Originally posted on The Jew and the Carrot
By Eliav Bock
In the spring of 2010, I wrote a blog about the food we would be serving at the new Ramah Outdoor Adventure, Camp Ramah in Colorado. As the only Kosher shomer Shabbat outdoor adventure camp in the county, and one of the few camps committed to being green from the ground up, we believe that it is imperative to make the food we eat fit in with the broader mission of our camp community. Several months after our inaugural summer and well into planning our next summer, we have had a chance to take a step back and evaluate the food program in the broader context of the mission of our camp.

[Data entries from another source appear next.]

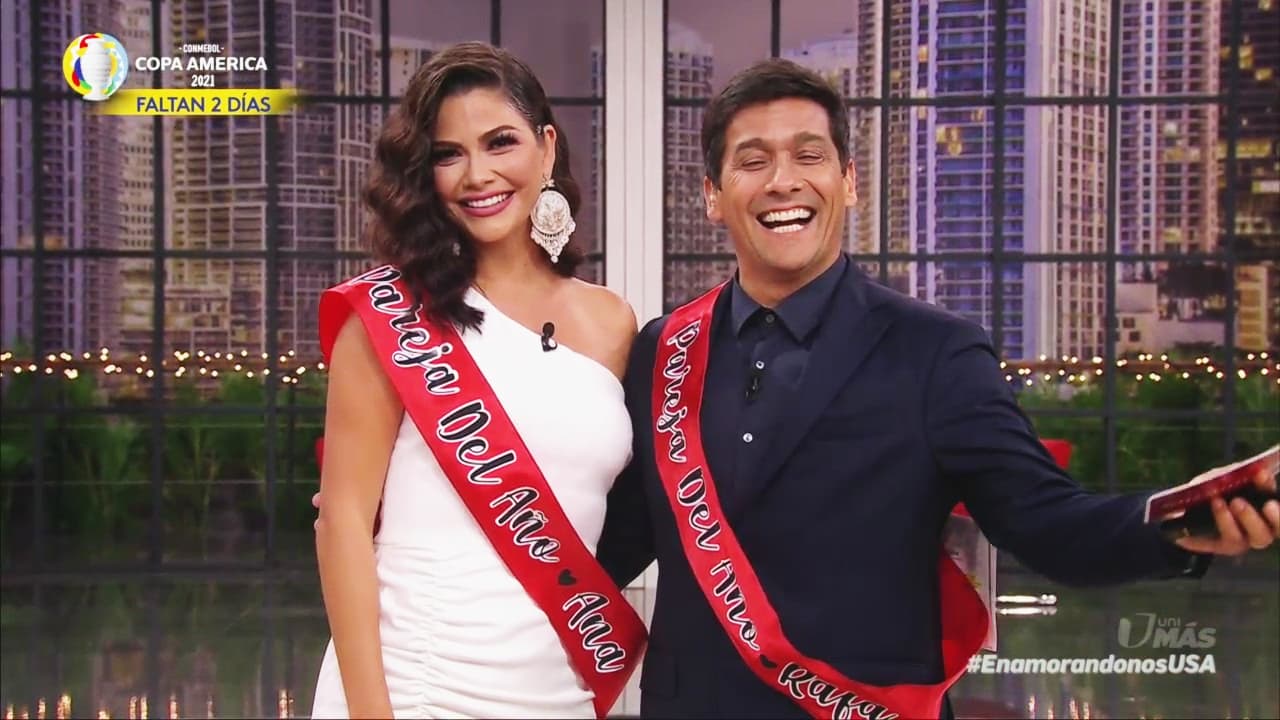 Como lo vivió en los certámenes de belleza, esta vez recibió una banda para distinguirla por su extraordinario trabajo ante las cámaras. Roberto Hernández y Pietro le entregaron junto a Rafa el premio como 'Mejor Pareja de la Televisión'.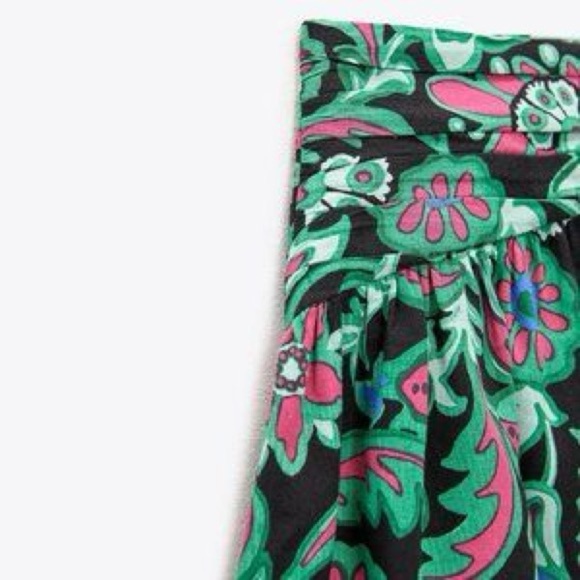 🦋 Bloggers Favorite 🦋 NWT Zara Floral Print Linen Blend Mini Skirt - Picture 11 of 12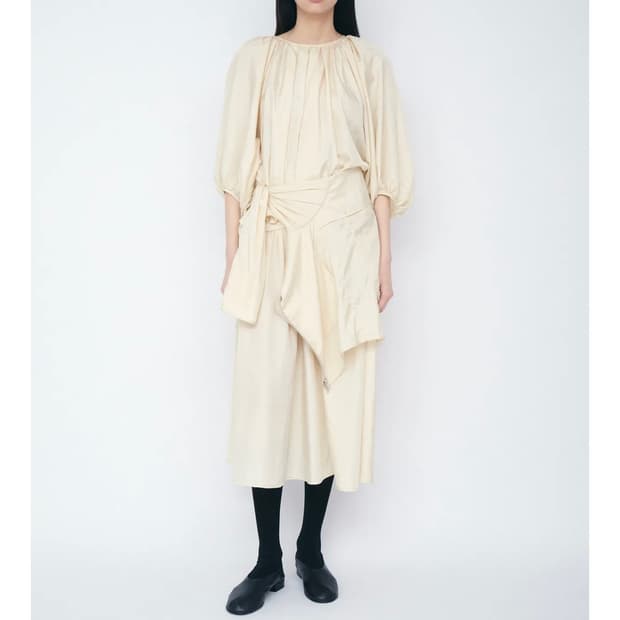 COSMOSS NATURAL SHIRRING SKIRT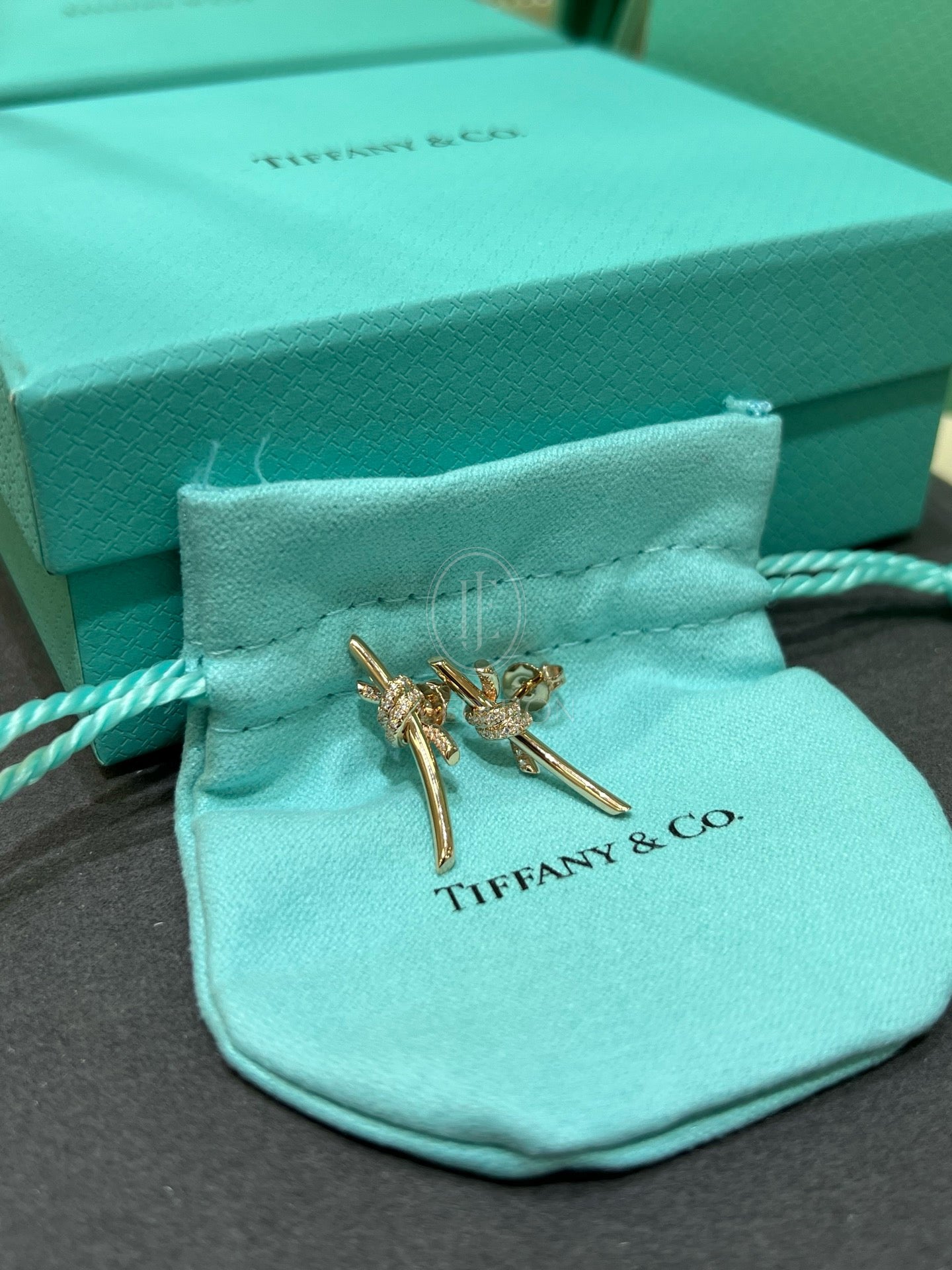 티파니 노트 이어링 (18K)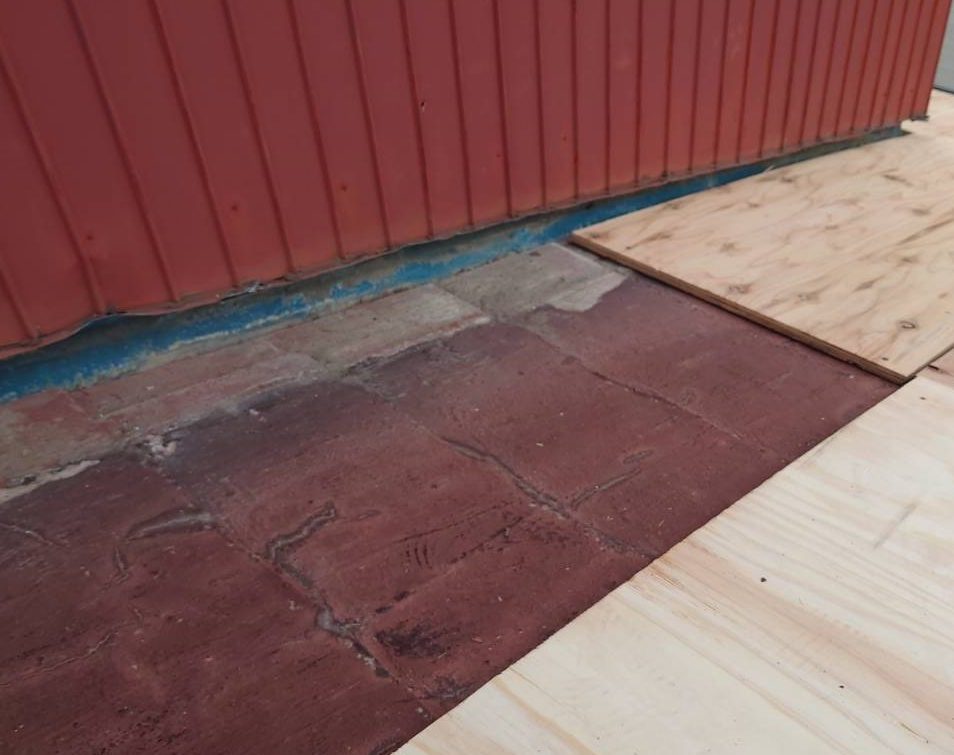 川越町のカラーベスト屋根カバー工法にて施工中、水切り板金撤去状況２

We were warned that many campers might not be willing to eat the healthy meals provided so our staff reached beyond the standard meals of kale and brown rice to dishes that you might find in a high-end vegetarian restaurant. The menu featured fresh, unprocessed, whole grain and organic food. We ate meals like carrot pancakes and yogurt for breakfast, vegetarian tacos with a tomato and tofu filling for lunch and wheat macaroni and cheese for dinner with a side of broccoli. With the addition of a salad bar and a bread and butter station, we were able to meet the needs of our campers. One of the most pleasant surprises about our experience was that campers appreciated healthy food. Over 80% of them, in evaluations, said that they enjoyed the food.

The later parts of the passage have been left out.